"Sanki güneşmiş gibi, ona uzun süre bakmamaya çalışarak yürüdü. Yine de onu gördü. Tıpkı güneş gibi. Ona hiç bakmadan."
Anna Karenina, bugüne kadar yazılmış en çarpıcı aşk ve ihanet romanı. Pek çok kez sinemaya da uyarlanan bu büyük eserde, karakterlerin duygu ve düşünce dünyaları incelikle gözler önüne serilirken her biri yaşayan,tanıdık insanlara dönüşürler. Tolstoy'un dâhi yazar sıfatının sırrı da budur belki.
19. yüzyıl Rus toplumuna ayna tutan bu büyülü romanın ana karakteri, güzelliği ve zarafetiyle hayranlık uyandıran Anna Karenina'nın mutsuz ve monoton bir evliliği vardır. Üst düzey bir devlet memuru olan Aleksey Aleksandroviç ile evliliğinde tek sığınağı oğludur. Ağabeyiyle yengesinin aralarını düzeltmek için gittiği Moskova'da yakışıklı Kont Vronski ile tanışan Anna'nın hayatı altüst olur.

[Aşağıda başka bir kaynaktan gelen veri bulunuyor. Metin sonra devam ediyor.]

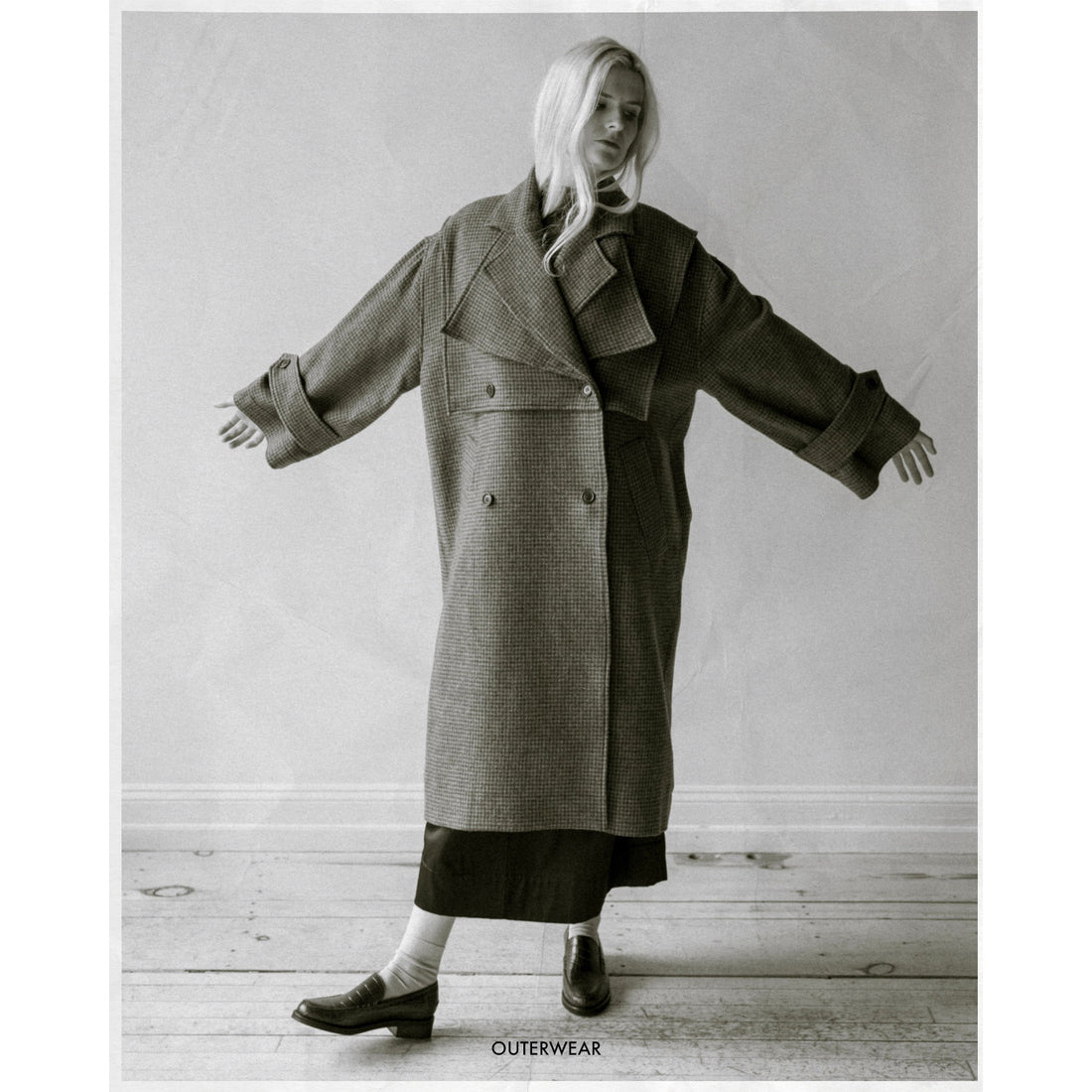 Henrik Vibskov Hands Down Coat in Pied De Poule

Saygın bir adamın karısıyken yasak aşkının peşinden giden bir iffetsize dönüşmesi çok sürmez.
Karakterleri kadar hikâyesi de, bu hazin aşkın sonu da neredeyse herkes tarafından bilinmesine rağmen güncelliğini korumayı başaran Anna Karenina, okurlarına zihinsel bir şölen vaat ediyor.